Singapore Launches PayNow To Reduce Cash, Checks

Singapore is launching a payments platform in an attempt to reduce the use of cash and checks as the country moves towards a digital economy.

Checks will no longer be used in the country by 2025, while ATM cash withdrawals will fall significantly, Education Minister Ong Ye Kung, a member of the Monetary Authority of Singapore board, said in a speech this week at the annual Association of Banks dinner, according to Bloomberg.

To make the transition to a digital economy easier, PayNow will become available for companies starting August 13.

There are currently more than 1.4 million PayNow registrations, and almost $900 million has been transferred via PayNow since its launch last year. Both local and international firms including DBS Group Holding and Grab are now offering digital payment options to residents and tourists in the region.

“The aim is not to force a cashless society, but to enable everyone to enjoy the convenience and efficiency of e-payments — simple, swift, safe and seamless,” explained Ong. “When the level of convenience and confidence crosses a critical tipping point, adoption will rise across our population within a short time and become pervasive.”

Both check usage and ATM withdrawals are already on the decline in the country, Ong revealed. The use of checks as a form of payment was at about 28 percent in 2017, down from 37 percent in 2015. And Org believe that may come down to 15 percent in 2020.

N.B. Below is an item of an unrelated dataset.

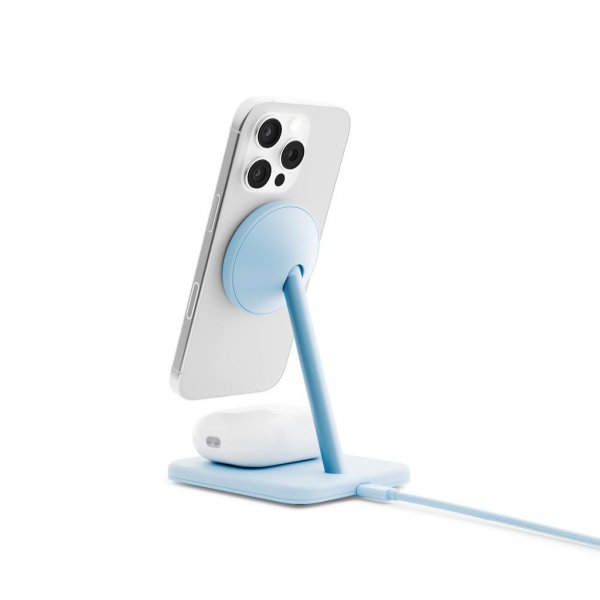Twelve South HiRise 2 Deluxe 2-i-1 MagSafe-oplader Glacier Blue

“Sweden has done it. We can too,” Ong said. Sweden is swiftly moving towards becoming a completely cashless society, with four out of five purchases in the country made electronically as far back as 2014.

In Singapore, corporate clients of seven banks will soon be able to transfer funds via PayNow, including DBS, Oversea-Chinese Banking, United Overseas Bank, Standard Chartered, HSBC Holdings, Malayan Banking, and Citigroup.

Ong pointed out that although Singapore is encouraging competition among digital payment service providers, it will also take steps to make sure the systems can operate together under a plan called SG QR, which is being implemented later this year.